Uma vez analisadas as situações da justiça, a questão que se depara consiste em estabelecer, em cada situação, de que forma duas pessoas ou duas coisas devem ser iguais, de forma que essa igualdade possa ser considerada justa. Enfim, que critérios de justiça utilizar para equalizar as relações a pouco colocadas? Bobbio (1996, p. 19) apresenta o critério da justiça como igualdade, que considera como “máxima generalíssima e vazia: a cada um, o seu”. Com sua expressão latina, suum cuique tribuere, ela pode ser compreendida como a cada um conforme o que lhe cabe.

O autor mostra que a máxima é vazia em função de poder conferir a cada um conforme seu mérito, talento, capacidade, esforço, resultado, necessidade, posto, dentro outros tantos. Nenhum dos critérios é absoluto ou perfeitamente objetivo. Apenas para conferir a dimensão ideológica das disputas em torno do tema, uma sociedade é mais justa onde a cada um é dado o que é seu em função da capacidade ou da necessidade? Do esforço ou do mérito? Na verdade, a máxima não enuncia critérios, apenas os tolera, uma vez que na prática diária eles se mesclam e até se confundem segundo interesses da classe dominante.

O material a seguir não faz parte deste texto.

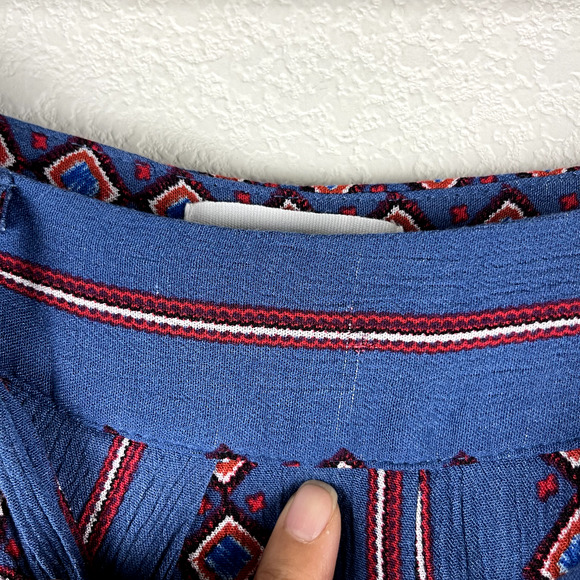 L'atiste Wide Leg Pants Womens Large Blue Size Zip Slit Waist Tie Boho Aztec - Picture 14 of 14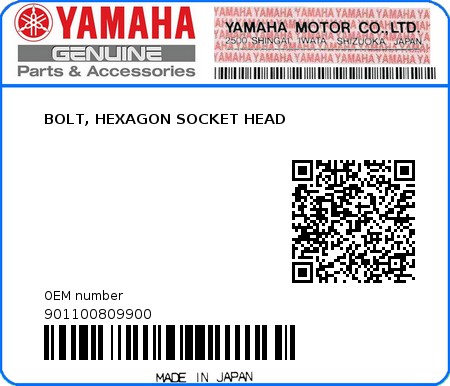 Product image: Yamaha - 901100809900 - BOLT, HEXAGON SOCKET HEAD  0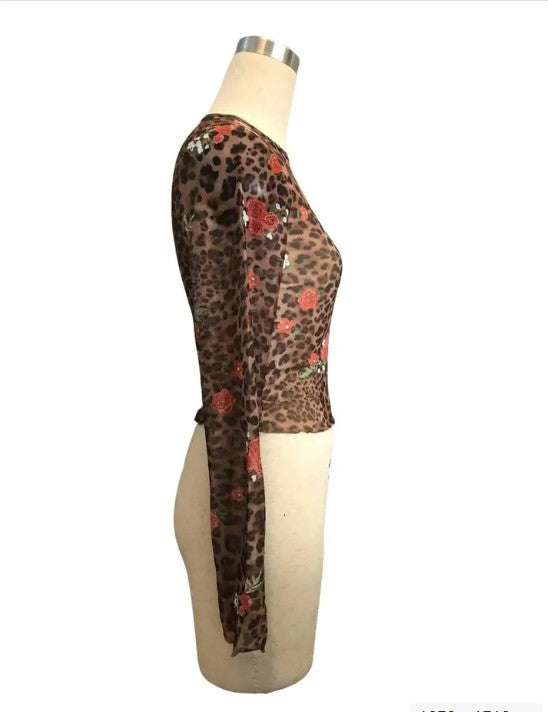 Cropped Mesh Ruffle Hem Floral Leopard Top | Bellem Trading - Bellem Trading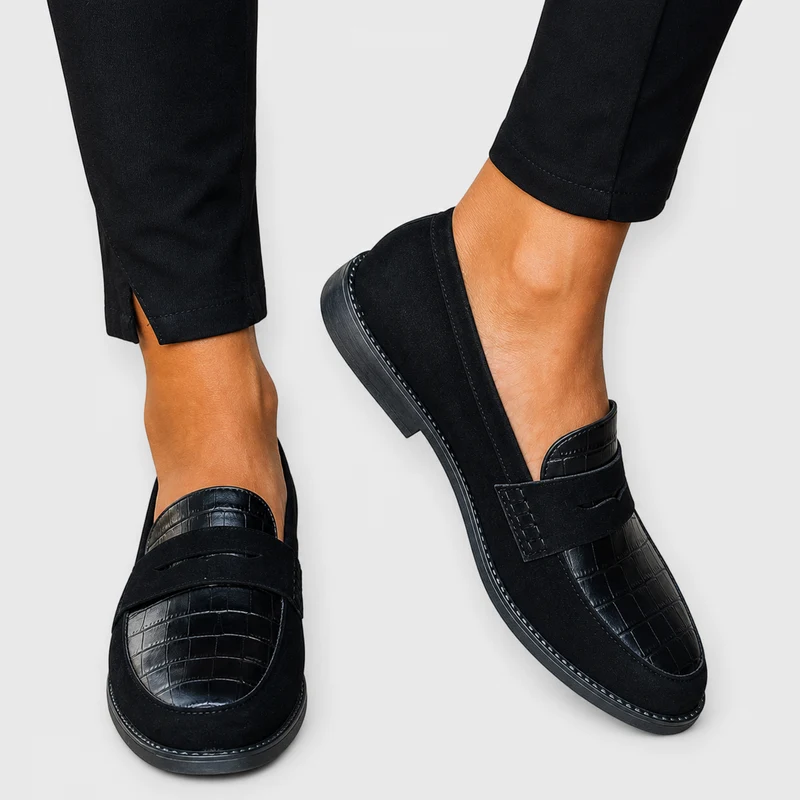 Mocassin Greta — Penny Noir Effet Cuir de Crocodile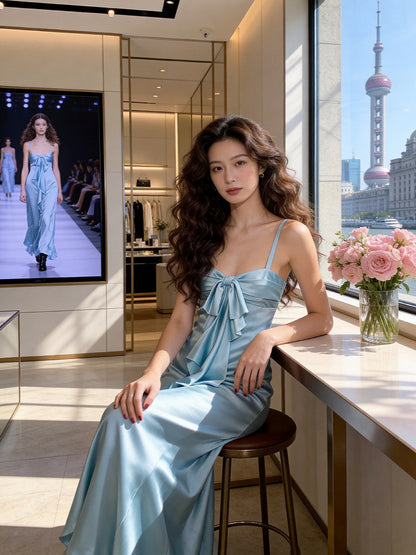 Amazing Spaghetti Strap Light Blue Prom Dress Long Bow Satin Sheath Evening Dress AP7221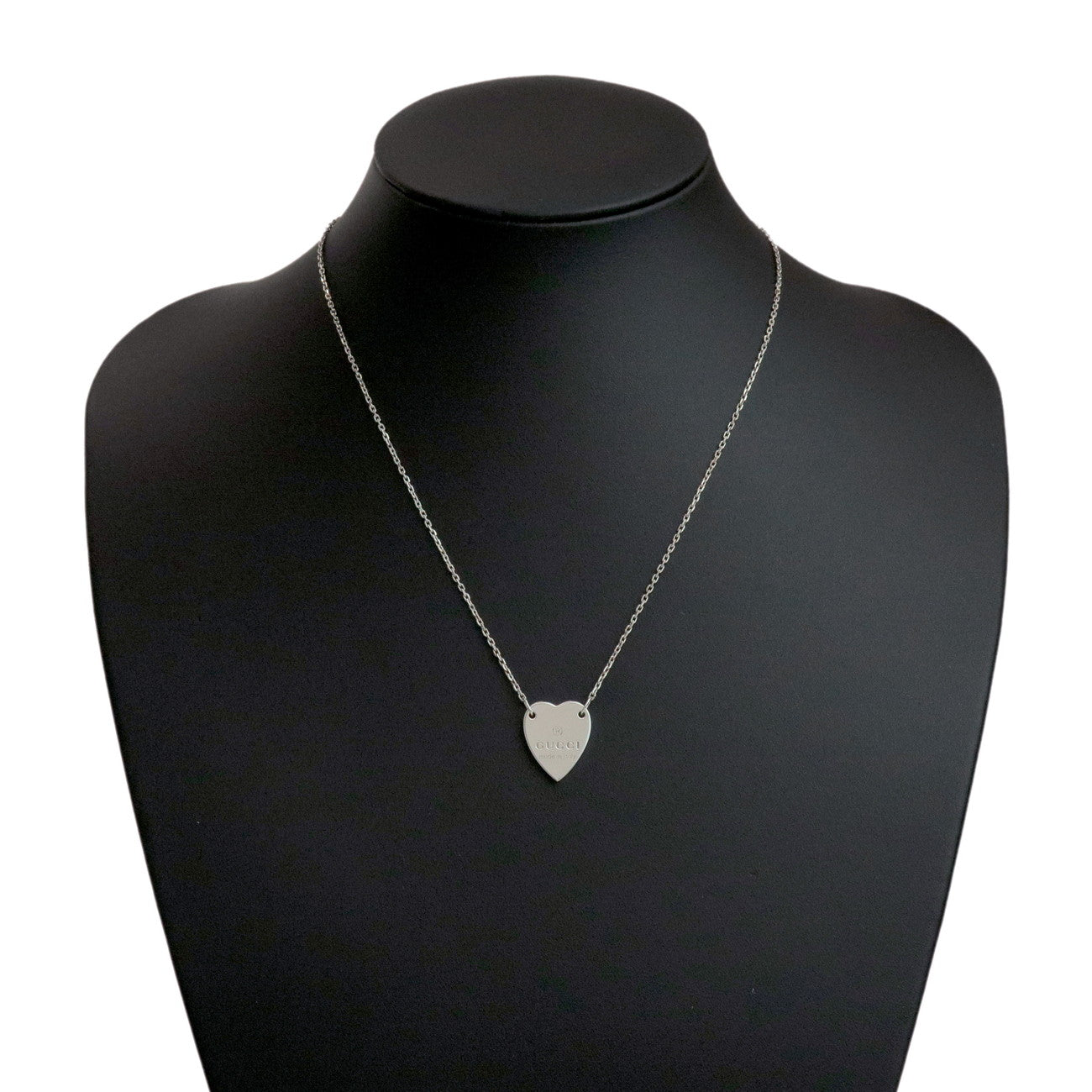 GUCCI Logo Heart Plate Necklace SV925 Silver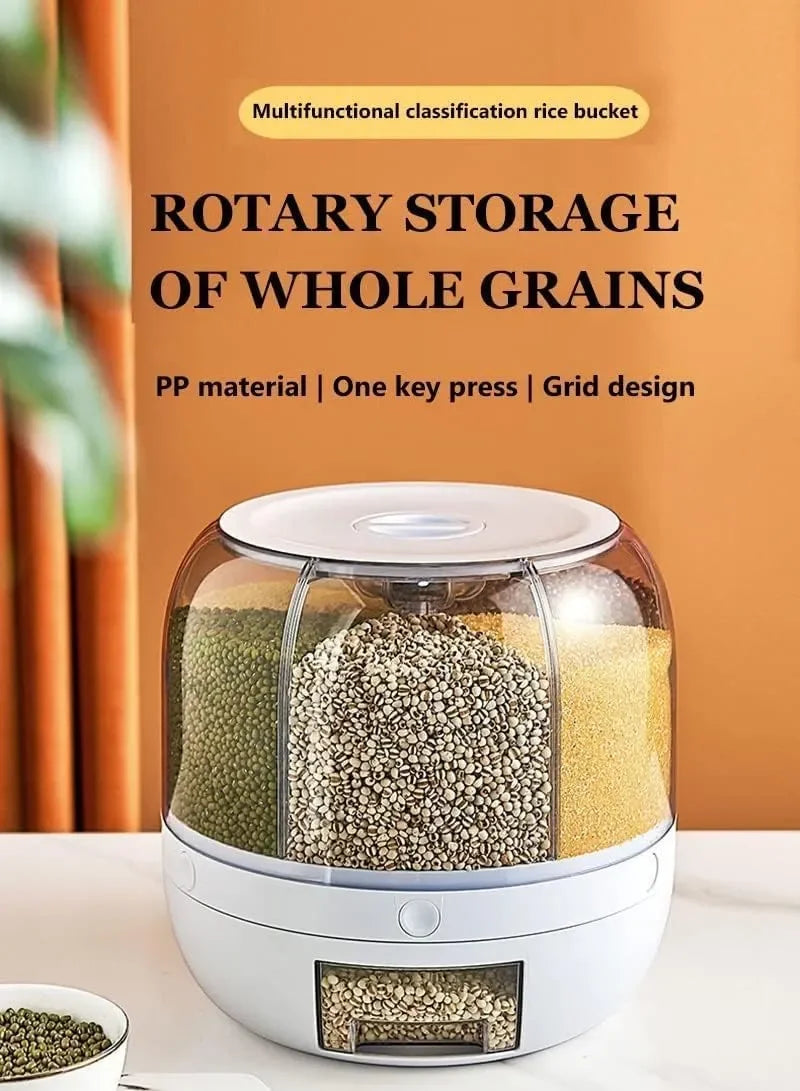 Dravizon 6-grid rotating cereal and grain dispenser with transparent containers for quick visibility and portion control
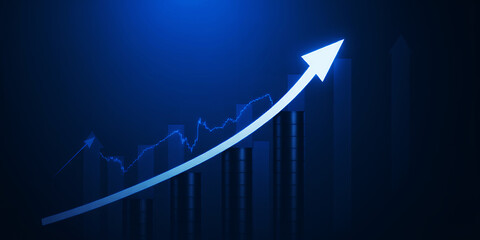 Abstract blue background with an upward trending arrow and graph showing growth concept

Mas a igualdade que se imbrica com as duas formas de justiça expostas, bem como com o seu amplo critério, também tem a ver com a regra de ouro da justiça: tratar os iguais de modo igual e os desiguais de modo desigual. A grande questão que a regra traz pressupõe já resolvidos os critérios que estabelecem quando duas coisas ou pessoas devem ser considerados equivalentes ou equiparáveis. Em verdade, somente após serem equacionados os problemas afetos à esfera da justiça comutativa e distributiva, pode-se determinar que seja tratado do mesmo modo quem se encontra na mesma categoria.

Nas palavras de Bobbio (1996, p. 21), “a regra da justiça refere-se ao modo pelo qual o princípio de justiça deve ser aplicado”. Nesses termos, as formas de justiça constituem ou restituem igualdade social, ao passo que a regra de ouro estabelece os modos e as formas de mantê-la. Pode-se dizer que a regra da justiça é chamada também de justiça formal, pelo seu caráter abstrato e desvinculado da realidade concreta. Seu conceito se entrelaça com o da igualdade formal ou igualdade no direito, analisada a partir do princípio da igualdade jurídica, que tem sua contraposição na igualdade de fato, material ou substantiva.